BEGIN Available data

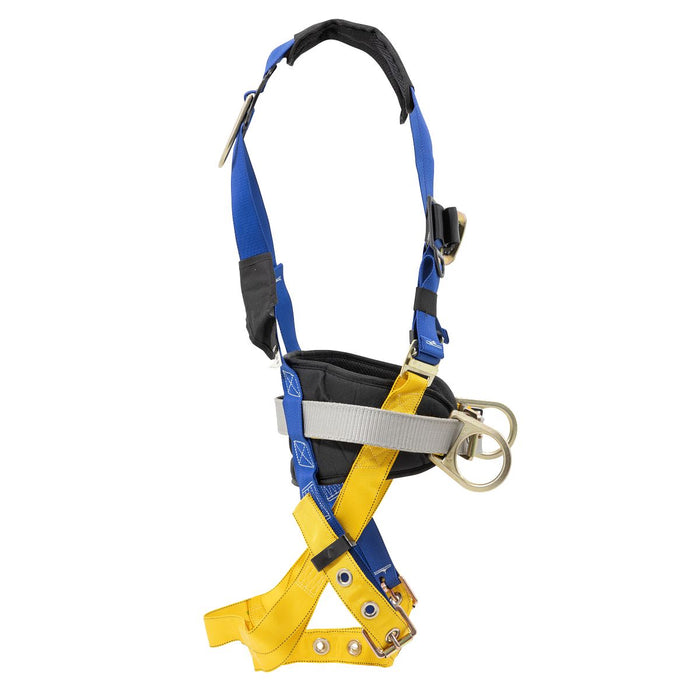 Werner LITEFIT™ Construction Harness Tongue Buckle Legs Small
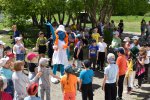В населенных пунктах, подведомственных Четкаринскому территориальному управлению администрации Пышминского городского округа, прошли праздничные мероприятия, посвященные  Дню защиты детей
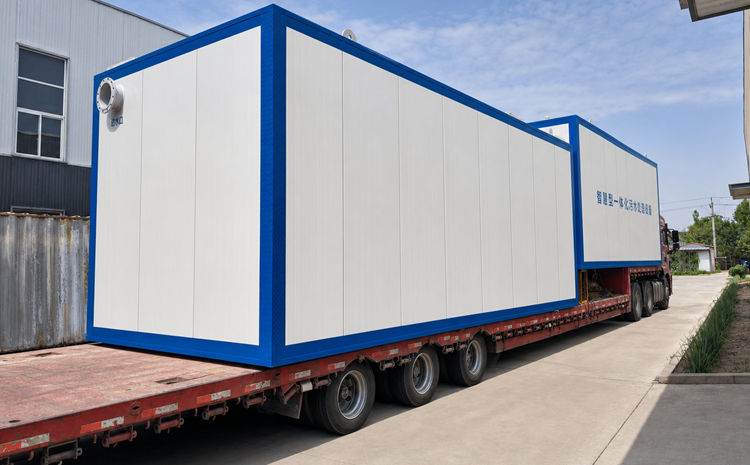Modular wastewater treatment equipment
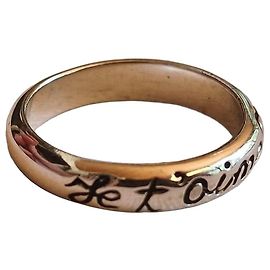 Bague Yves Saint Laurent "Je t'aime" en argent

END Available data

**The task**
The lines to write out run from the one containing "В населенных пунктах, подведомственных" through the final line of the material above, both included; write them out exactly, with no pictures.

**Result for this task**
В населенных пунктах, подведомственных Четкаринскому территориальному управлению администрации Пышминского городского округа, прошли праздничные мероприятия, посвященные  Дню защиты детей
Modular wastewater treatment equipment
 Bague Yves Saint Laurent "Je t'aime" en argent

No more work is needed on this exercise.